The Master is gracious:  He accepts the last even as the first; He gives rest to those of the eleventh as well as to those who have labored from the first; He is lenient with the last while looking after the first; to the one He gives,  to the other He gives freely; He accepts the labors and welcomes the effort; honors the deed, but commends the intent.  So, all of you, enter into the joy of our Lord: first and second, share the bounty.  Rich and poor alike, celebrate together.  Sober or heedless, honor the day.  Those who fasted and those who did not, rejoice today.  The table is full, everyone fare sumptuously.  The calf is fatted; no one go away hungry.  Everyone, savor the banquet of faith; relish the riches of His goodness…

One of the greatest lessons I learned from my parents was simply to participate in the life of the Church.  We went to every evening service as a family during all of Lent and Holy Week.  As Holy Week approached, we had been on this great journey together for weeks and the end was near.  Even as a child, I remember being worn out by this point in Lent just as anyone would be traveling a great distance.  We participated in this journey by attending services, fasting, praying, giving alms, and going to Holy Confession individually as a family.  Holy Week was the climax of that great quest leading us to the most anticipated day of the entire year – Pascha!

As I aged, I made my own choices about Lent.  Some years I put little effort into fasting or found myself unable to go to the services since I lived over an hour away from the closest church.  It was in those years, that I found I had missed out on something special.  I had skipped almost the entire journey, taking the short cut to the end, and found new meaning in St. John Chrysostom’s sermon. Instead of being excited about the feast, I was thankful for God’s mercy upon me.  In one there was joy and in the other appreciation for not being shut out from the feast.  It was in those years, that I found strength and determination to not find myself there the following year.

One would think that our spiritual journeys would constantly be progressing as each year passes.  The truth is, it doesn’t happen that way.  I have to genuinely look at my situation each year.  Was I making excuses for my laziness or were my circumstances simply teaching me other lessons – patience, endurance, or determination to find an alternate path when the main path had been washed out for me.

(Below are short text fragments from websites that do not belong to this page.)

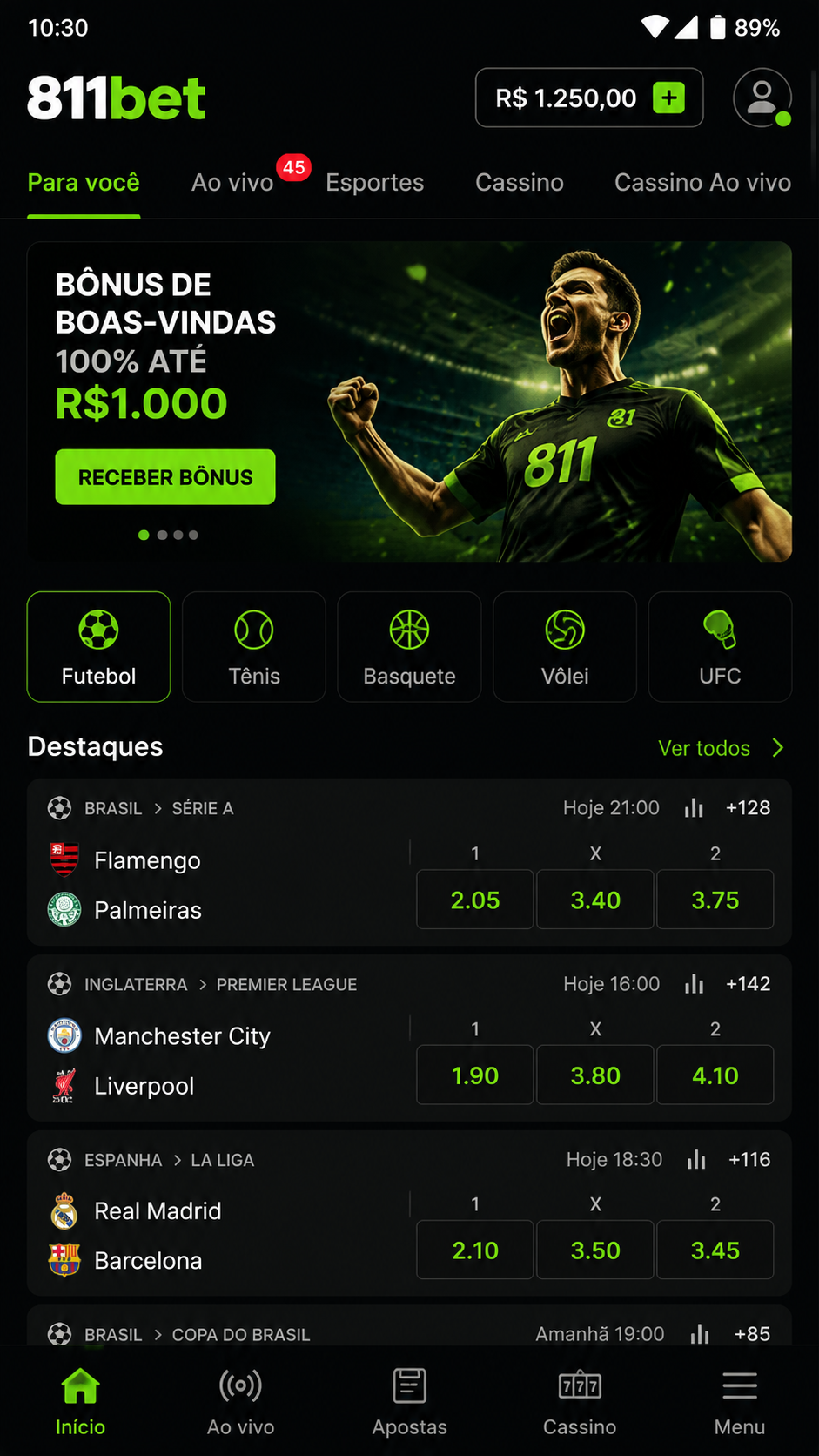 811bet screenshot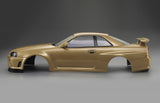 NISSAN SKYLINE BNR34 Body Set - Champagne Gold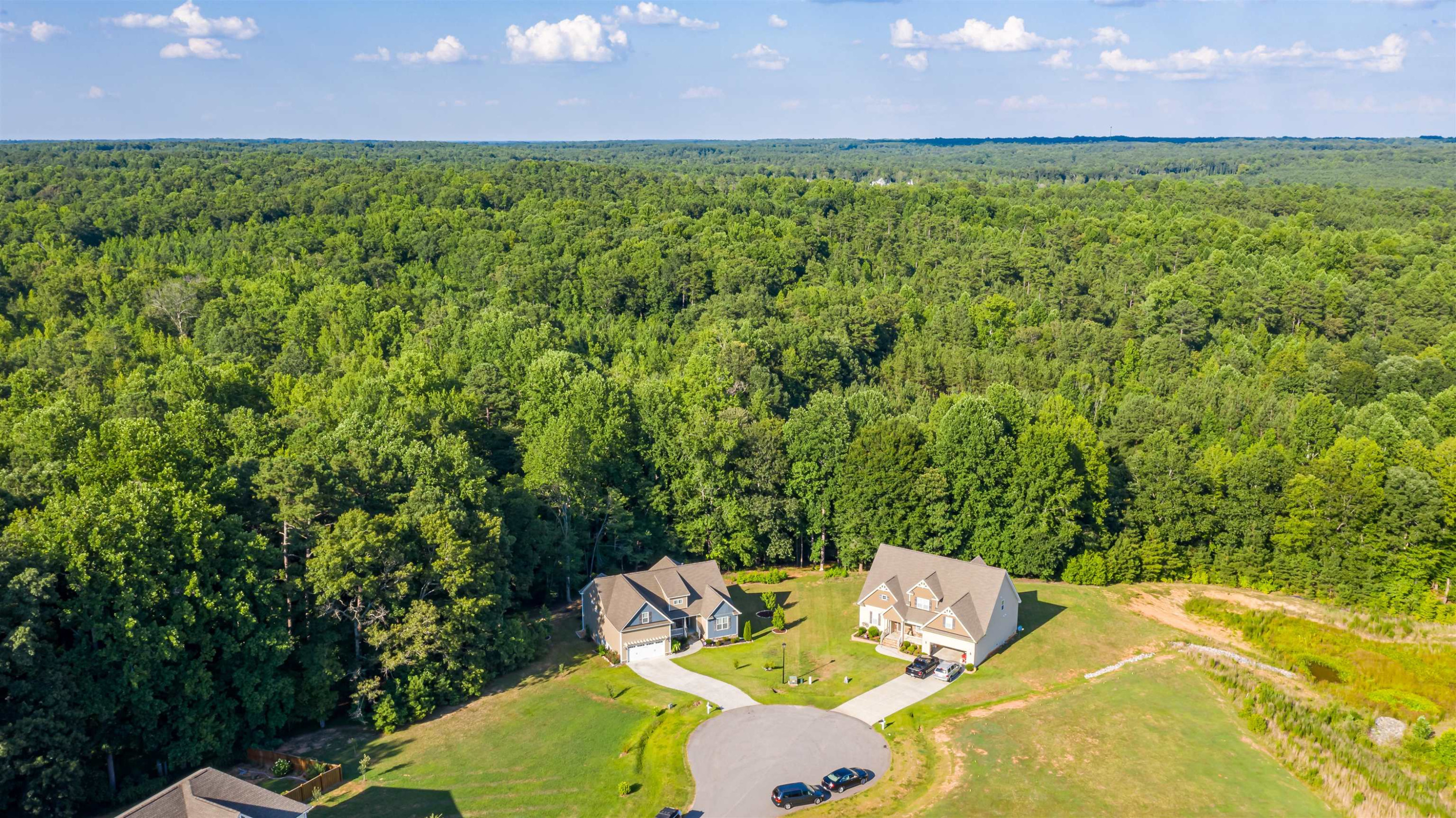 3537 Lavender Lane Wake Forest, NC 27587 - Photo 57 of 60 a view of backyard with swimming pool and outdoor seating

The Lenten journey is hard every year – regardless of how many times you’ve traveled it or how strong you think you’ve become.  It’s that much harder when you’re not at your peak strength and life throws you curve balls.  I’ve found that having kids between the ages of 1 and 3 makes the journey exponentially harder.  Think about it.  Growing up, I just had to take care of myself during this journey.  As a mom, I’m guiding and carrying others.  I needed all of those previous years of learning the journey through the guidance of my parents in order to even attempt leading my own family.  I’ve built up some strength over the years, I know the road, some of this is second nature to me, and even though I find myself more tired on this journey than I did when I was younger – from fasting, from carrying my kids as they tire, from preparing us and sustaining us through the trip – the mileposts are familiar to me now and I see the end in site.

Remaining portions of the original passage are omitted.